In regards to what? What kind of smoker are you talking about? If it is a UDS, then a charcoal basket is a must as it gives you tons of capacity.


----------



## tom02 (Apr 23, 2015)

I have a Oklahoma Joe longhorn


----------



## bruno994 (Apr 23, 2015)

Less fire management.  Without one, if you are running a stickburner (offset), you'll build a small fire and have to maintain it every 45 minutes or so.  With a basket, you just fill the basket with charcoal, light about a half chimney, pour the lit either into one corner, or directly on top, or into  avoid in the center of the basket.  The lit will continually light the unlit as it works across the basket, giving you pretty consistent temp control for hours, whether it be a UDS, cabinet style or offset.  You can either mix in wood chunks throughout the charcoal or just place small splits of your favorite smoking wood on top of the lit areas for the smoke.  I use on ein my 150 gallon RF offset pit, works great.


----------



## bmaddox (Apr 23, 2015)

On that smoker a basket would help keep things neat and tidy and keep the charcoal from spreading out in the fire box.
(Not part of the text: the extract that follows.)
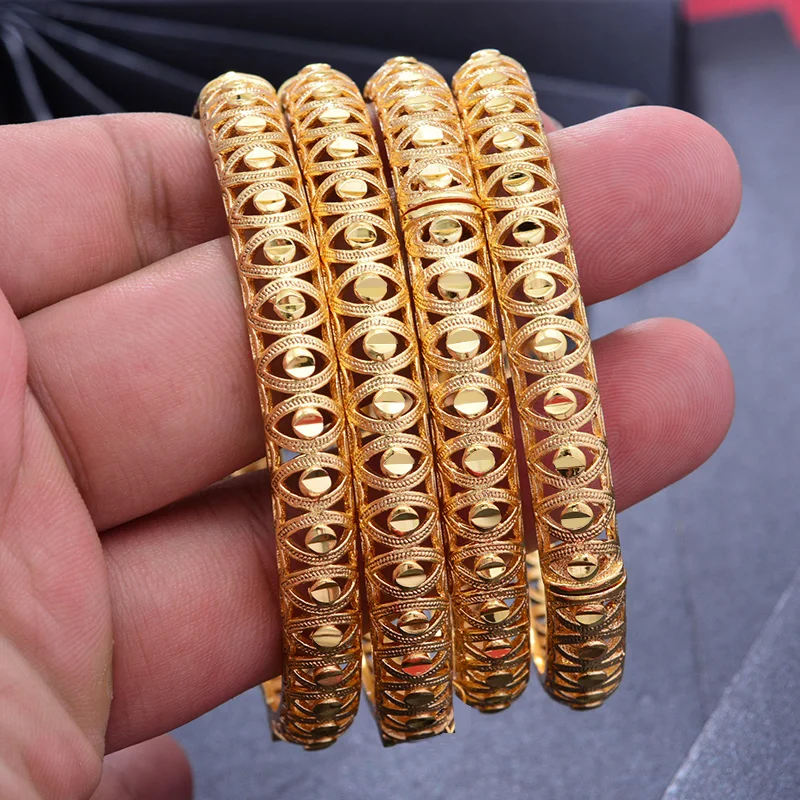 

Wando 24K 4pcs Gold color Dubai Africa Bangles For Men/Women Flower Jewelry 6cm wide Wedding Bangles bracelet gift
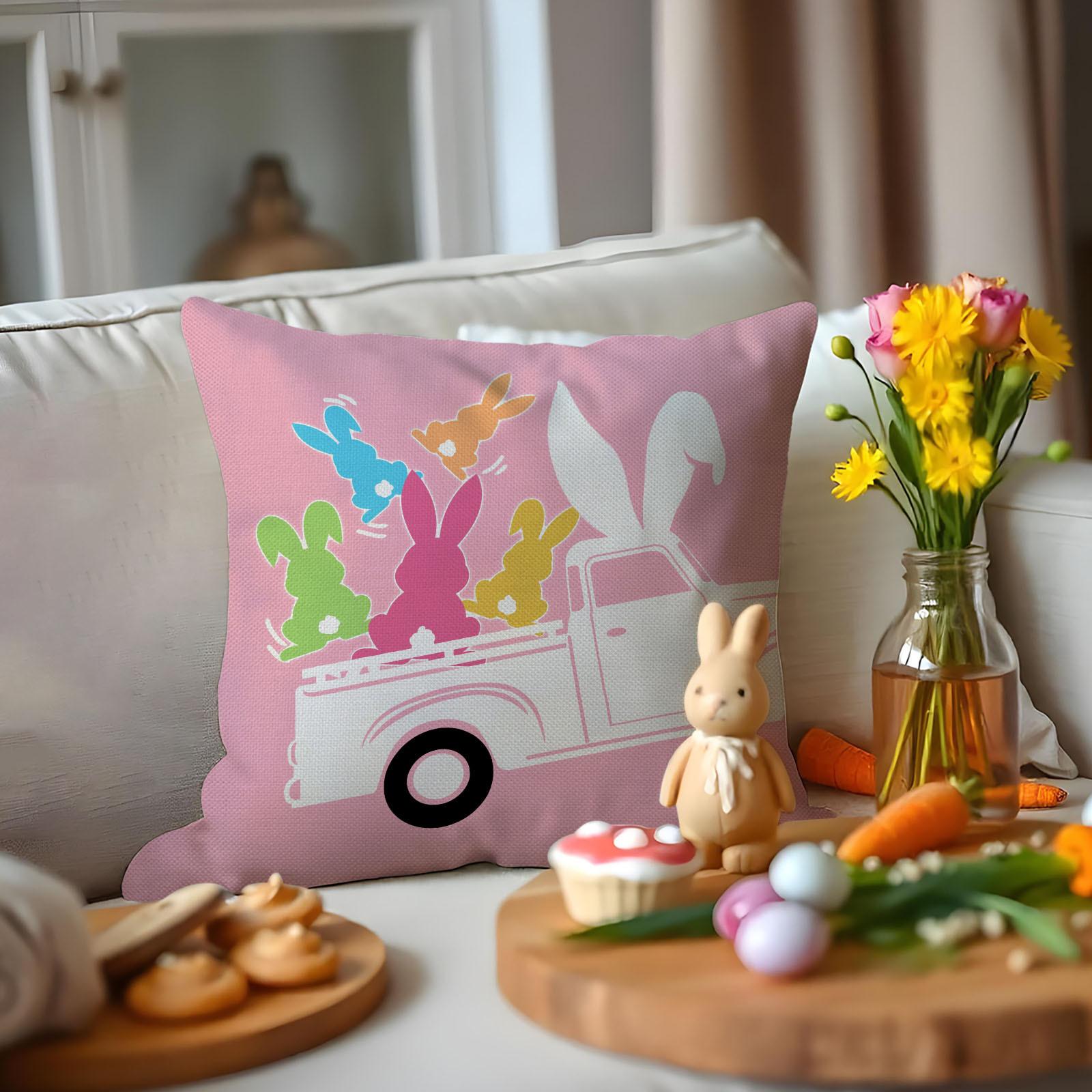 

Cartoon Printed Sofa Pillowcase Easter Atmosphere Decorative Sofa Pillow Linen Dirty-resistant Cute Rabbit Cushion 45 * 45Cm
It seems like a lot of people on here have added one to their offsets.


----------



## tom02 (Apr 23, 2015)

Thanks for all the responses anybody have one for sale...lol


----------



## tropics (Apr 23, 2015)

tom02 said:


> Thanks for all the responses anybody have one for sale...lol


Tom they are easy to make, get a piece of expanded metal from Lowes some bailing wire,scrap copper wire or screws and nuts. to put it together. I made a ring for my kettle.













100_1789.JPG



__ tropics
__ Apr 23, 2015


----------



## bruno994 (Apr 23, 2015)

Or you can go fancy.....my UDS one....













uds7.JPG



__ bruno994
__ Feb 25, 2015


----------



## jimpam (Apr 24, 2015)

I too have an OKJ Longhorn and I think this will be my next Project.   I found a YouTube video on how to make one fairly easy, with exactly what Tropics mentioned.   Will give me something to do while smoking and drinking a cold beer!

thanks for the info,


----------



## joe black (Apr 24, 2015)

For the OKJ, look up the 20/20 charcoal basket build thread.  Very easy and cheap.


----------



## gary s (Apr 24, 2015)

I have a tray and a basket  if I use only splits just the tray  Charcoal  the basket    My basket is heavy expanded metal with round rod around the top.

Gary













IMG_20150331_110701_152.jpg



__ gary s
__ Apr 24, 2015


----------



## jimpam (Apr 24, 2015)

Just searched the 20/20 thread and that is exactly what I will do - thanks for the tip!


----------